HELENA: Come on, Sergey. There's plenty of time to chat with the boys.
Your father has been so looking forward to this.
SERGEY: Yes, I want to see everything. The whole ship. At home I have
all the specs and diagrams of the Galaxy-class starships.
WORF: We are in the midst of a repair. I cannot give you a complete
tour.
SERGEY: I'm sure if you asked the Captain
HELENA: You agreed not to embarrass him. Besides, we have come to see
Worf, not the ship.
SERGEY: Fine. Fine. Okay.
HELENA: Your hair's a little longer, isn't it, Worf?
[Road]
(Picard walks down a tree lined road in the
sunlight and breeze)
PICARD: All right, whoever you are, I can hear you.
(A boy comes out from behind the bushes)
PICARD: Oh, good lord, a highwayman.
RENE: A what?
PICARD: A highwayman. It's a robber who attacks travellers, but none
have been reported in this vicinity for centuries.
RENE: But I'm not a robber.
PICARD: I am much relieved, sir.
(They walk together)
RENE: I know who you are.
PICARD: Then, you have the advantage.
RENE: You're my nephew, Jean-Luc. From the starship Enterprise.
PICARD: Then you must be my uncle Rene.
RENE: I'm not your uncle. It's the other way around.
PICARD: Too bad. I rather enjoyed the idea.
RENE: Why have you been away so long?
PICARD: Well, Starfleet keeps me very busy.
RENE: Father says you don't like it here.
PICARD: I'm sure you misunderstood.
RENE: No, I didn't. He said so.
PICARD: Well, Robert and I, we. Perhaps it's time to change all that.
RENE: You know, you don't seem so arrow. Arrow. You know.
PICARD: Arrogant?
RENE: Yes, arrogant. You don't seem that way to me. What does it mean
anyway, arrogant son of a
PICARD: Let's talk about that later, shall we?
(Rene runs into a courtyard. There are big oak casks in an arcade)
RENE: Mummy! He's here! Mummy, he's here!
MARIE: Jean-Luc!
PICARD: Marie.
MARIE: It is so good to finally meet you.
PICARD: For me, too.
MARIE: How are you feeling?
PICARD: Oh, I'm fine.
MARIE: Well, Robert and I are delighted that you've come to stay with
us.
PICARD: I was, I was thinking I, I might be imposing. I could very
easily stay in the village.
MARIE: I wouldn't hear of it. It's your home and it will always be your
home. Do things look that different?
(Mock Tudor Nouveau, with first floor protruding over the ground floor,
tall brick chimney stacks)
PICARD: No. In fact, it's amazing how little it has changed. Everything
is exactly as I remember it. The house, the hills, every tree, every
bush seems untouched by the passage of time.

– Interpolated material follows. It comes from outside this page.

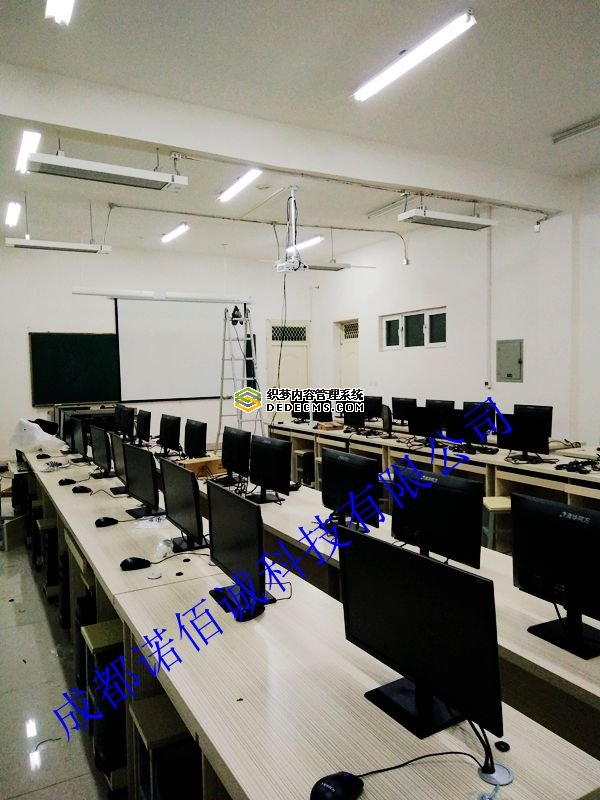 化工仿真實(shí)訓(xùn)室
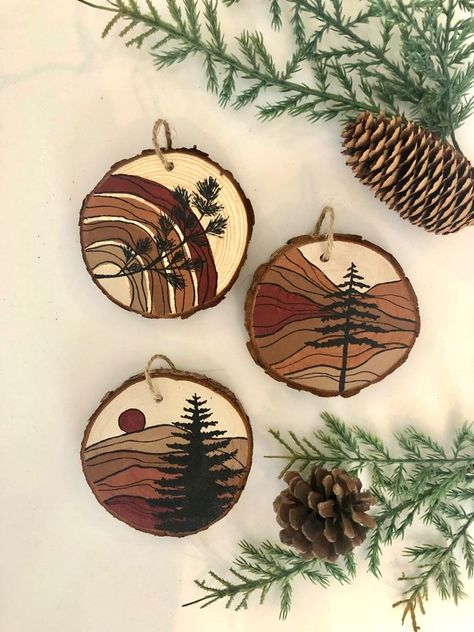 Wood Burned Ornaments, Wood Burn Designs, Wood Slice Art, Wood Slice Crafts, Diy Christmas Tree Ornaments, Wood Burning Crafts, Wood Burning Art, Wood Slice Ornament, Painted Ornaments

MARIE: Robert's worked hard to keep it that way. It's very important to
him.
PICARD: As it was to our father.
RENE: Someday I'm going to be a starship captain.
PICARD: You look exactly like Robert when he was your age. I half
expect to see myself as a boy come running out that door to play.
MARIE: Robert can't wait to see you.
PICARD: Rene already told me. Where is he?
MARIE: As usual, with his vines.
[Vineyard]
(Robert is tasting the red grapes, making sure they
are all right)
ROBERT: So, you arrived all right. Welcome home, Captain.
PICARD: Hello, Robert.
ROBERT: You've shuttled in from the village?
PICARD: No I decided to walk. I met Marie and Rene.
ROBERT: Good. Good.
PICARD: It's good to see you.
ROBERT: Are you tired?
PICARD: No.
ROBERT: Make yourself at home. You know where everything is. We
generally eat about eight. I must try and cure this poor, sick vine.
I'll see you shortly.
[Crusher's quarters]
CRUSHER: So, you'll have a chance to visit the
surface?
TROI: Maybe. Will and I have been talking about going back to Angel
Falls.
CRUSHER: Oh, Venezuela's beautiful.
(doorbell)
CRUSHER: Come in.
(A crewman enters with a box. Beverly takes it)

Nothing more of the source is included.